Now, this book only promises what it says right there in the title – you’re building your character’s or team’s stronghold, attracting followers, and doing things with that. It’s not centered on conquering a vast kingdom or empire-building. It sounds like it’s going for a mixed focus between politics, military campaigning, and traditional squad-sized character action. It does this by making sure the large-scale content still feeds back into personal-scale content (character features), using a particularly Birthright-friendly justification: you’re empowered by the land itself.

There are four kinds of strongholds, the keep (warrior types), tower (arcane), temple (divine), and “establishment” (not just legal… extra-legal). A fifth stronghold type, the castle, is the combination of any two or more other strongholds. (A castle without a keep is a bit of a misnomer, but possible in S&F.) Each character class has a unique interaction with their stronghold as well, but I’ll get to that in a minute.

Once you build a stronghold, you can also level it up. Unlike some of the stronghold rules I studied in the Domain Rulership series, there are no floor plans or trap placement here. Strongholds range from level 1 to level 5, costing rather princely sums to advance. New levels grant the stronghold greater Size (hit points) and Toughness (resistance to harm) and grant their owner additional uses of bonus class features.

It’s Matt Colville, so you’ve got to know going in that there’s extensive marginalia and commentary. No matter how good the book turns out to be, that’s going to be the best part: even if you happen to disagree, he presents his positions well. His examination of elements like construction time (shorten it so the project gets done within the span of the campaign!), making it rain coinage early enough in the campaign to get PCs into this part of the game, and how to factor in cleared-out dungeons are all good reads, even if you decide to go for a different stronghold system.

The Keep

This section contains some rules on attracting or hiring, then maintaining, military units (hur hur, I said units). The details of those come much later in this book, and I’ll get to them in a later article. It’s here that we first learn that units have a Size just like strongholds do. Size is a die value – d4/d6/d8/d12/d20. Keeps reduce the hiring cost (that is, for units that don’t join you spontaneously) and upkeep cost of units by 10% per stronghold level.

Building a keep grants you some units, which are randomly generated on a d100 table. They range from green light infantry to seasoned light cavalry (not granting seasoned heavy cavalry is probably Just Fine). This may also trigger a roll, at the GM’s option, on your class’s followers list, which includes units, retainers, specialists, and more unusual creatures: your few, your happy few, your band of brothers.

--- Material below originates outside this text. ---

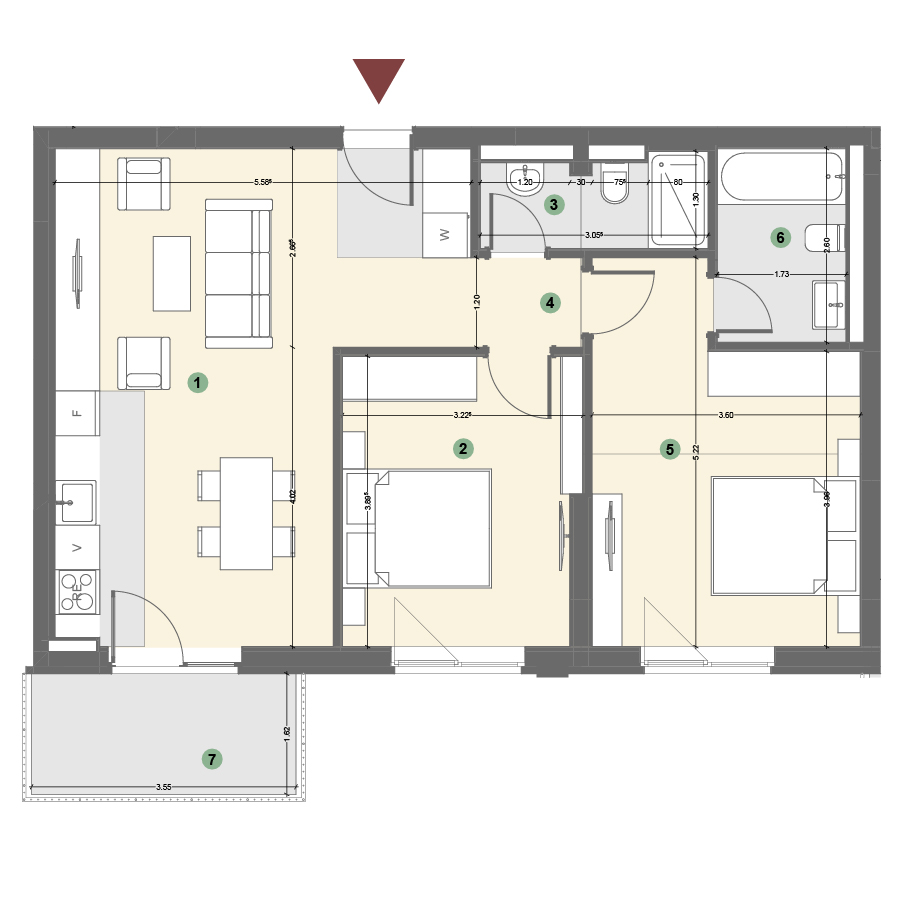 Plan apartament 1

Your keep is also a training ground, so you get to pick one training benefit from a list of 10, granting it to yourself and your troops. These benefits are nice to have, though they get into conditional stuff that 5e mostly avoids tracking. Piercing Training, for example, grants +1d6 damage against creatures wearing heavy armor. Caring about your target’s armor type is generally not a thing, with an exception for heat metal.

I’m going to call out Finesse Training as just obscenely good – it’s the 14th level Berserker barbarian feature, but with a weapon type restriction that makes it better for rogues. The book mostly doesn’t expect rogues to build keeps, but that feature alone might turn a rogue’s head. (This book is not a good fit for the serious optimizer in your gaming group, in my very biased view.)

This section has unique handling for a Barbarian Camp – functionally a keep that can pull up stakes and move one or more provinces per season. Several of the rules here plug into Kingdoms & Warfare, a forthcoming book from MCDM. Making some informed guesses about what these rules mean, I love the story aspects of a nomadic warlord’s camp that these rules attempt to model.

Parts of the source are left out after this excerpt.